Understandably, the focus is on how to get out of it, but we also need to ask how we got into it. A pretty good answer is too much debt. In fact, unsustainable borrowing provides a universal explanation for just about every aspect of our economic troubles – from the credit crunch to the Eurozone debacle.

But why did we borrow so much in the first place? The standard answer to that one is that we didn’t have enough money of our own, which provokes a further set of questions as to why this should be. Certainly, there’s a very interesting economic debate to be had here, but in a way it’s avoiding the real issue.

You see, the real explanation as to why we borrowed so much money, is not that we didn’t have enough of our own – it’s that instead of adjusting our consumption to our means we decided to make future generations pick up the bill.

There's an excellent exploration of this issue in a recent lecture given by David Willetts:

  • “The classical political tradition assumes a static world without economic growth. But if there is growth you can argue that the next generation is going to be better off than us and so our obligation to help them is weakened. We can load more obligations onto future generations confident they can take the burden. I do not agree with this approach. Disraeli was right when he criticised an opponent because “He seems to think posterity is a pack-horse, always ready to be loaded.” Politics falls into disrepute when citizens think Governments are just shifting problems out into the future and never tackling them today.”

The pack-horse politics that Disraeli condemned has wormed its way into almost every aspect of policy making, not just economic policy. Furthermore it’s not just the preserve of the spendthrift left.
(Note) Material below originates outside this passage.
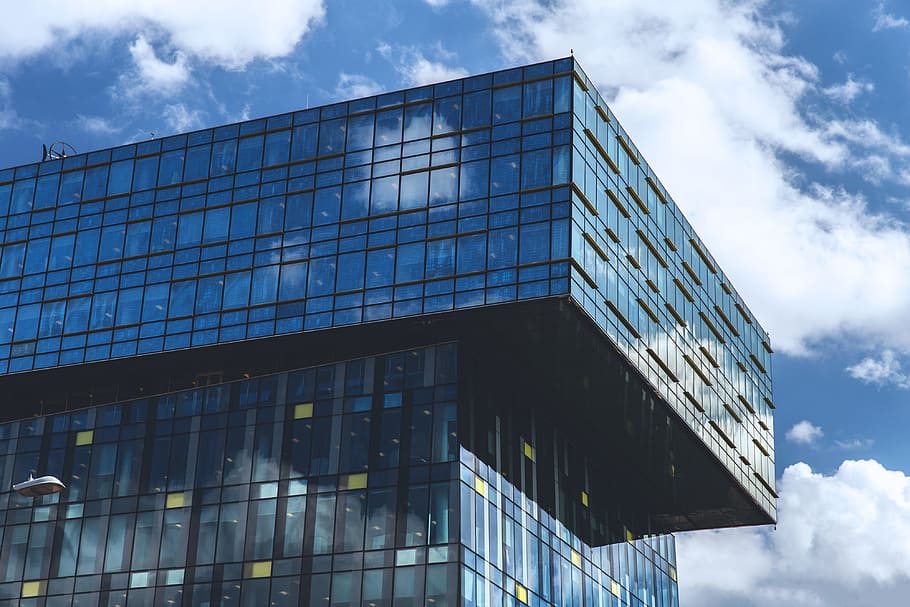 Glass office building captured against a blue sky, architecture HD wallpaper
Some on the right can be heard excusing social and environmental irresponsibility on the grounds that future generations will be in a much better position to deal with the problem than we are.

Willetts exposes the essential depravity of such thinking:

  • We can hope that future generations will be richer than us but this does not excuse us from our obligation to them. We enjoy the fruits of investment by earlier generations who were poorer than us and we have a similar obligation to generations coming after us. The Victorians did not build their sewers and public buildings out of cheap plaster because we would be richer than them and could afford to do our own rebuilding. Instead they built for future generations despite hoping that future would be richer than them. As the African proverb has it, “The world was not left to us by our parents. It was lent to us by our children.”

This is what it means to be responsible. This is what it means to be a conservative.